No pictures should be carried over. Output all other parts of the entries verbatim.

(RECORDED DATA):

※ ※ ※

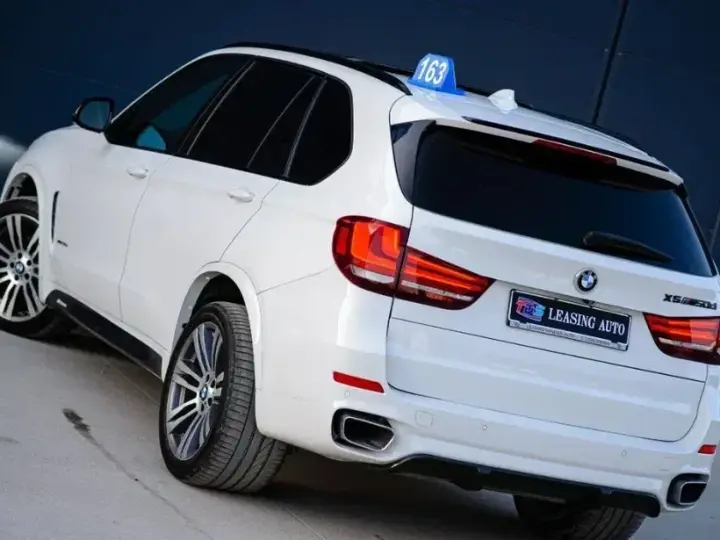 BMW X5 F15 xDrive30d Sport-Aut.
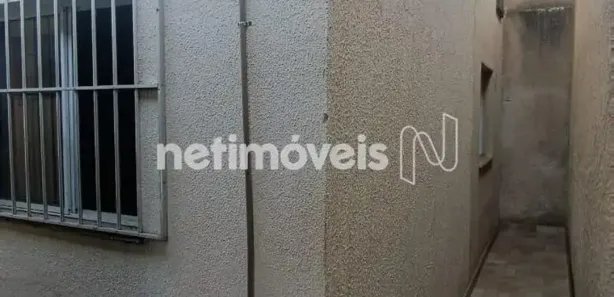 Casa com 3 Quartos para alugar, 61m² no Monsenhor Messias, Belo Horizonte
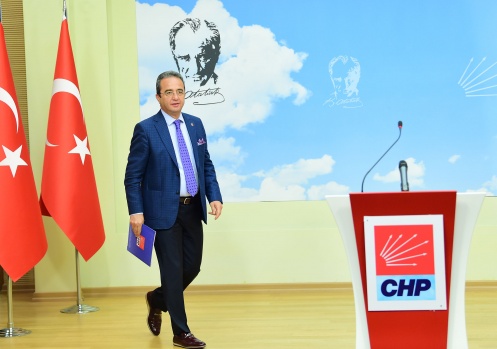 CHP'li Tezcan, Genel Merkezde bir basın toplantısı düzenledi 7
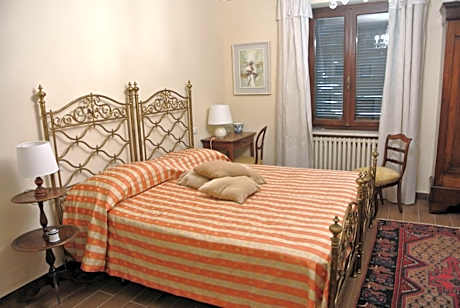 Deluxe Double Room (2 Adults + 1 Child)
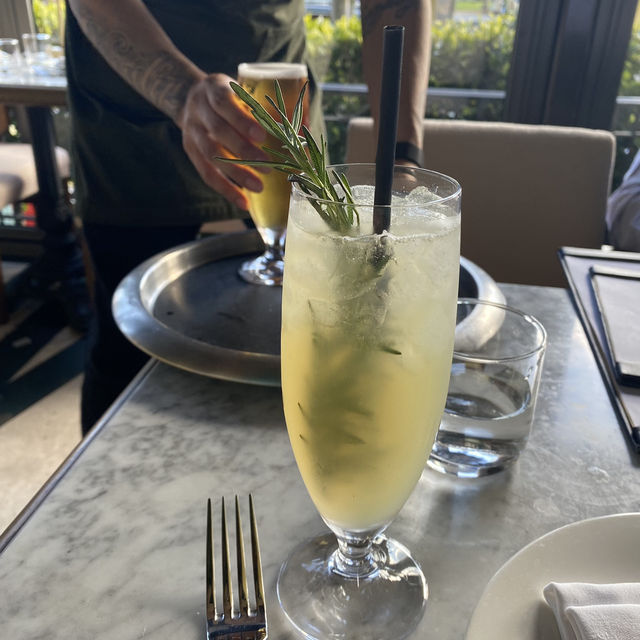 藍牆黃傘的午後時光，在 The Georgian Hotel 的 Sirena 小歇一餐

※ ※ ※

(ANSWER TO THE PROBLEM):
 BMW X5 F15 xDrive30d Sport-Aut.
 Casa com 3 Quartos para alugar, 61m² no Monsenhor Messias, Belo Horizonte
 CHP'li Tezcan, Genel Merkezde bir basın toplantısı düzenledi 7
 Deluxe Double Room (2 Adults + 1 Child)
 藍牆黃傘的午後時光，在 The Georgian Hotel 的 Sirena 小歇一餐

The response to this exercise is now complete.